(Records contained in a dataset)
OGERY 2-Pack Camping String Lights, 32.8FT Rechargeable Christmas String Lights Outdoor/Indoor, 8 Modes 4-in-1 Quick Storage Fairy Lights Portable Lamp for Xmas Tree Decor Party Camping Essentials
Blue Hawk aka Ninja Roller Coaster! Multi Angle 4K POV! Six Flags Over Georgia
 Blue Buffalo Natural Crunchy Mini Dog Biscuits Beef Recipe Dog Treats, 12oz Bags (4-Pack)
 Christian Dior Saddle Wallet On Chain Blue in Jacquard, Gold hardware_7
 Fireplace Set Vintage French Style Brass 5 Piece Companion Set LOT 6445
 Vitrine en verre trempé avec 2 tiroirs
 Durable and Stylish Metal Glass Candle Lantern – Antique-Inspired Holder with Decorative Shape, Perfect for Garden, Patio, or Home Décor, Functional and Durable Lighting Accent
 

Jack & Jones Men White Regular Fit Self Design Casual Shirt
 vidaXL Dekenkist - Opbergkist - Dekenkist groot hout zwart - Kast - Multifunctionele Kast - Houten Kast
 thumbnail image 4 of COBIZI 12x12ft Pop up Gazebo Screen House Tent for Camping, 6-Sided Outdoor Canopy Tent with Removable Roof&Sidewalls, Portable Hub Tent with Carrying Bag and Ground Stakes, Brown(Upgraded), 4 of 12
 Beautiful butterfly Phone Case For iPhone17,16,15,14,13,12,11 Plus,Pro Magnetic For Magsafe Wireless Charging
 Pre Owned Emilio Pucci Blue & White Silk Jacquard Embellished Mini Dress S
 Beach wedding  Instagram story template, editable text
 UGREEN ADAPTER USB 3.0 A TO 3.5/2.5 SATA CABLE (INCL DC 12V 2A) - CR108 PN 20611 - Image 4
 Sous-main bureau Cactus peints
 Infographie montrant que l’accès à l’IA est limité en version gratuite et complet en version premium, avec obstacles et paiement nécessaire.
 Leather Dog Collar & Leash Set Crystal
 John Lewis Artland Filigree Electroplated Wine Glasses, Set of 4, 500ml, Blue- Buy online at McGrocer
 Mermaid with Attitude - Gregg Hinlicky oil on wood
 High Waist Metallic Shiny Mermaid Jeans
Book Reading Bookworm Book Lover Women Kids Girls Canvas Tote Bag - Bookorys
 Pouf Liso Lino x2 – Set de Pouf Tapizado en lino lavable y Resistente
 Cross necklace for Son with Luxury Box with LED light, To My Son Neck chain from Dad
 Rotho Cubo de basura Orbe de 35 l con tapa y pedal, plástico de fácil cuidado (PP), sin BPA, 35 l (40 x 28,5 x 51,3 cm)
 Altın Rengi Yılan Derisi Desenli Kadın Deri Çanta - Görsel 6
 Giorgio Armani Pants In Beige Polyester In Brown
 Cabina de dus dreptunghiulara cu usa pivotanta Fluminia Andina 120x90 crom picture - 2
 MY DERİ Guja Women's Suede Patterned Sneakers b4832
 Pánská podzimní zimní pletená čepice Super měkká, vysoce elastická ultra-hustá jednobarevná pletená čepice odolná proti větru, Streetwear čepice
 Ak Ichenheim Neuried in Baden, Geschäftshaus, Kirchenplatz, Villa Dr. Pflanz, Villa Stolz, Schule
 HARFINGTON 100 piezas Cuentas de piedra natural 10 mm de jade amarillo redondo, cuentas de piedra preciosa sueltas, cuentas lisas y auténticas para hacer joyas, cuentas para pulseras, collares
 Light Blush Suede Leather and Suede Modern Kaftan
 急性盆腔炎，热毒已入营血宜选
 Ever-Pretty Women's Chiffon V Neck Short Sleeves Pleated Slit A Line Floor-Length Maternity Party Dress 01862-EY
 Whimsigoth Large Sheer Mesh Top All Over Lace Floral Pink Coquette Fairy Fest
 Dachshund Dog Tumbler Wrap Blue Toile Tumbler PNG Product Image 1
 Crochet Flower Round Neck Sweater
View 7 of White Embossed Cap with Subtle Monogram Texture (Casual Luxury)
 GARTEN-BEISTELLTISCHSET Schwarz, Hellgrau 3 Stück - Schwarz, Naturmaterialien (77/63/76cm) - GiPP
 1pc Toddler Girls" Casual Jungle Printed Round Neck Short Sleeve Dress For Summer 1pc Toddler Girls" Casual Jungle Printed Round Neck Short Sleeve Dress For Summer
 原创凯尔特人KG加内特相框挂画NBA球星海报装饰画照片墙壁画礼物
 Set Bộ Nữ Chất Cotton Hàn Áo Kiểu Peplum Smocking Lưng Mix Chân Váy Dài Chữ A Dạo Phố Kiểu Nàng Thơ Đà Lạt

Action item: Would you please copy out every line of the data exactly?

Result for this task:
OGERY 2-Pack Camping String Lights, 32.8FT Rechargeable Christmas String Lights Outdoor/Indoor, 8 Modes 4-in-1 Quick Storage Fairy Lights Portable Lamp for Xmas Tree Decor Party Camping Essentials
Blue Hawk aka Ninja Roller Coaster! Multi Angle 4K POV! Six Flags Over Georgia
 Blue Buffalo Natural Crunchy Mini Dog Biscuits Beef Recipe Dog Treats, 12oz Bags (4-Pack)
 Christian Dior Saddle Wallet On Chain Blue in Jacquard, Gold hardware_7
 Fireplace Set Vintage French Style Brass 5 Piece Companion Set LOT 6445
 Vitrine en verre trempé avec 2 tiroirs
 Durable and Stylish Metal Glass Candle Lantern – Antique-Inspired Holder with Decorative Shape, Perfect for Garden, Patio, or Home Décor, Functional and Durable Lighting Accent
 

Jack & Jones Men White Regular Fit Self Design Casual Shirt
 vidaXL Dekenkist - Opbergkist - Dekenkist groot hout zwart - Kast - Multifunctionele Kast - Houten Kast
 thumbnail image 4 of COBIZI 12x12ft Pop up Gazebo Screen House Tent for Camping, 6-Sided Outdoor Canopy Tent with Removable Roof&Sidewalls, Portable Hub Tent with Carrying Bag and Ground Stakes, Brown(Upgraded), 4 of 12
 Beautiful butterfly Phone Case For iPhone17,16,15,14,13,12,11 Plus,Pro Magnetic For Magsafe Wireless Charging
 Pre Owned Emilio Pucci Blue & White Silk Jacquard Embellished Mini Dress S
 Beach wedding  Instagram story template, editable text
 UGREEN ADAPTER USB 3.0 A TO 3.5/2.5 SATA CABLE (INCL DC 12V 2A) - CR108 PN 20611 - Image 4
 Sous-main bureau Cactus peints
 Infographie montrant que l’accès à l’IA est limité en version gratuite et complet en version premium, avec obstacles et paiement nécessaire.
 Leather Dog Collar & Leash Set Crystal
 John Lewis Artland Filigree Electroplated Wine Glasses, Set of 4, 500ml, Blue- Buy online at McGrocer
 Mermaid with Attitude - Gregg Hinlicky oil on wood
 High Waist Metallic Shiny Mermaid Jeans
Book Reading Bookworm Book Lover Women Kids Girls Canvas Tote Bag - Bookorys
 Pouf Liso Lino x2 – Set de Pouf Tapizado en lino lavable y Resistente
 Cross necklace for Son with Luxury Box with LED light, To My Son Neck chain from Dad
 Rotho Cubo de basura Orbe de 35 l con tapa y pedal, plástico de fácil cuidado (PP), sin BPA, 35 l (40 x 28,5 x 51,3 cm)
 Altın Rengi Yılan Derisi Desenli Kadın Deri Çanta - Görsel 6
 Giorgio Armani Pants In Beige Polyester In Brown
 Cabina de dus dreptunghiulara cu usa pivotanta Fluminia Andina 120x90 crom picture - 2
 MY DERİ Guja Women's Suede Patterned Sneakers b4832
 Pánská podzimní zimní pletená čepice Super měkká, vysoce elastická ultra-hustá jednobarevná pletená čepice odolná proti větru, Streetwear čepice
 Ak Ichenheim Neuried in Baden, Geschäftshaus, Kirchenplatz, Villa Dr. Pflanz, Villa Stolz, Schule
 HARFINGTON 100 piezas Cuentas de piedra natural 10 mm de jade amarillo redondo, cuentas de piedra preciosa sueltas, cuentas lisas y auténticas para hacer joyas, cuentas para pulseras, collares
 Light Blush Suede Leather and Suede Modern Kaftan
 急性盆腔炎，热毒已入营血宜选
 Ever-Pretty Women's Chiffon V Neck Short Sleeves Pleated Slit A Line Floor-Length Maternity Party Dress 01862-EY
 Whimsigoth Large Sheer Mesh Top All Over Lace Floral Pink Coquette Fairy Fest
 Dachshund Dog Tumbler Wrap Blue Toile Tumbler PNG Product Image 1
 Crochet Flower Round Neck Sweater
View 7 of White Embossed Cap with Subtle Monogram Texture (Casual Luxury)
 GARTEN-BEISTELLTISCHSET Schwarz, Hellgrau 3 Stück - Schwarz, Naturmaterialien (77/63/76cm) - GiPP
 1pc Toddler Girls" Casual Jungle Printed Round Neck Short Sleeve Dress For Summer 1pc Toddler Girls" Casual Jungle Printed Round Neck Short Sleeve Dress For Summer
 原创凯尔特人KG加内特相框挂画NBA球星海报装饰画照片墙壁画礼物
 Set Bộ Nữ Chất Cotton Hàn Áo Kiểu Peplum Smocking Lưng Mix Chân Váy Dài Chữ A Dạo Phố Kiểu Nàng Thơ Đà Lạt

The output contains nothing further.